Officials from the FIA and F1 Strategy Group confirmed earlier this year that the Halo would be fitted to all cars from the 2018 season in a bid to improve safety standards, with the deaths of Justin Wilson and Jules Bianchi putting head protection high on the agenda for the series’ chiefs.

Hamilton has long made his opposition to the Halo clear, believing it will ruin the look of F1 cars, and echoed his thoughts ahead of the final Halo-less race in Abu Dhabi this weekend.

“It’s the last year of looking good I think in the cars. It’s the last race where the cars will look good,” Hamilton said.

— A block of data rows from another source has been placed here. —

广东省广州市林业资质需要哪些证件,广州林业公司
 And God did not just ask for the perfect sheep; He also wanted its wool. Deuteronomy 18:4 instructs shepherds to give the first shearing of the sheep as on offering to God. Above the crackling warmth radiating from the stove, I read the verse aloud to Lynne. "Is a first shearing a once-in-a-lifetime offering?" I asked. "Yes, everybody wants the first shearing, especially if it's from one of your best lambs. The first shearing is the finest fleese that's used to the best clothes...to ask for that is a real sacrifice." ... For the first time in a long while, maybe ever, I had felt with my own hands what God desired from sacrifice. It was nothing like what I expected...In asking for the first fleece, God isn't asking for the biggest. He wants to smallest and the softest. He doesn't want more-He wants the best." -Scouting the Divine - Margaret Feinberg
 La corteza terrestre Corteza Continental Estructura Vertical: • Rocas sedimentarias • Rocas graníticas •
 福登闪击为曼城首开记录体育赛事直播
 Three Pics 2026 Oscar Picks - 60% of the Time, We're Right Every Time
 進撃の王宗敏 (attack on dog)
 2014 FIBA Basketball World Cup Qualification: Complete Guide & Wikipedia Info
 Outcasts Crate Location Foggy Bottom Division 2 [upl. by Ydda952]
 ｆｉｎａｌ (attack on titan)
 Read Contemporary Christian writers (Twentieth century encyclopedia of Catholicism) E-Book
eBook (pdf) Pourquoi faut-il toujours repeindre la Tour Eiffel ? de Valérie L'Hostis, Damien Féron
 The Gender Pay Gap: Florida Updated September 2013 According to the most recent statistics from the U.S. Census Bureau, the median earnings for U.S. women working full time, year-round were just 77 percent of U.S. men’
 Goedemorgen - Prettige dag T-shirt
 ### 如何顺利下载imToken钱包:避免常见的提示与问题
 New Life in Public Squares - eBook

“I think next year, it’s all downhill from there in terms of how they look.

“But safety will go up at least, and maybe it could be successful in some way.”

Hamilton’s F1 title rival Sebastian Vettel was less bothered about the change, believing the field will adjust and move on.

“The cars will look different next year. Everything I’ve seen so far looks different, but on the other hand it is something we all get used to,” Vettel said.

“But no doubt the cars look better now, but we’ll get used to it, and we’ll work on the aesthetics so it can be better. It is less of a big deal.”

Red Bull’s Daniel Ricciardo shared Vettel’s view, saying: “I don’t think it’s gonna be as dramatic as most people make it out to be.”